In this context, asking questions about quality involves taking the desperate risk of incurring charges of elitism and conoisseurialism.

While the reactionary shadow of Harold Bloom rather looms in the background whenever this question of quality arises, there are other approaches to the question than conservative conoisseurialism on the one hand and uncritical cultural relativity on the other. What those approaches might be in Wales, and what Wales might offer other cultures in this regard have not yet been developed.
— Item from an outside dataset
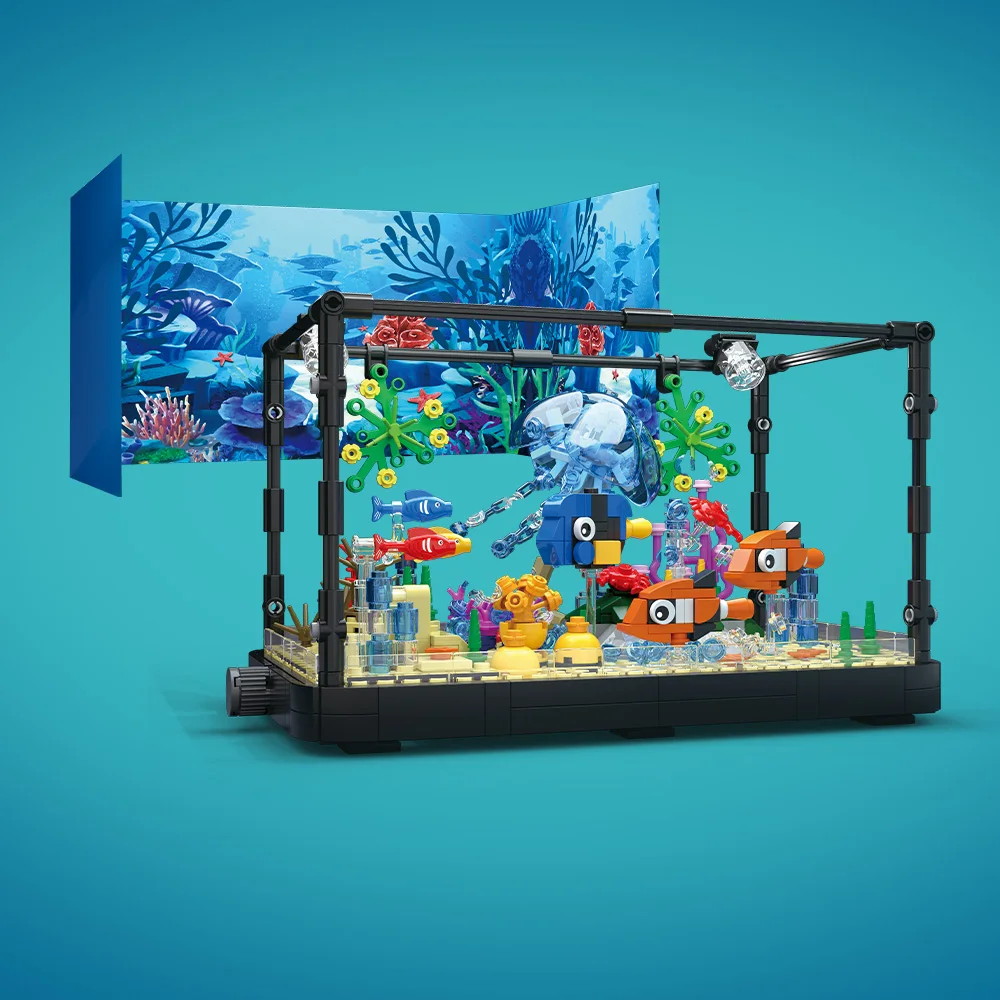 Set di blocchi da costruzione  - Aquarium Fish Names recensione e prezzo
This defensiveness precludes the gift that can be offered by constructive criticism. Good criticism doesn't simply dismiss poor work but asks for something better because the critic believes something better is possible. Welsh poetry in English has the potential to offer something unique and particular to the world, and it desperately needs a critic willing to venture out into the mined No Man's Land of quality that has been left by post-modern criticism - a critic who can clear a path here in the particular context of Wales. He or she may well be accused of nefarious motives, but ultimately a courageous criticism would allow Welsh poets writing in English to create excellent work, would allow Welsh culture to be enriched, and the poetry to be accurately represented both within Wales and to the world outside.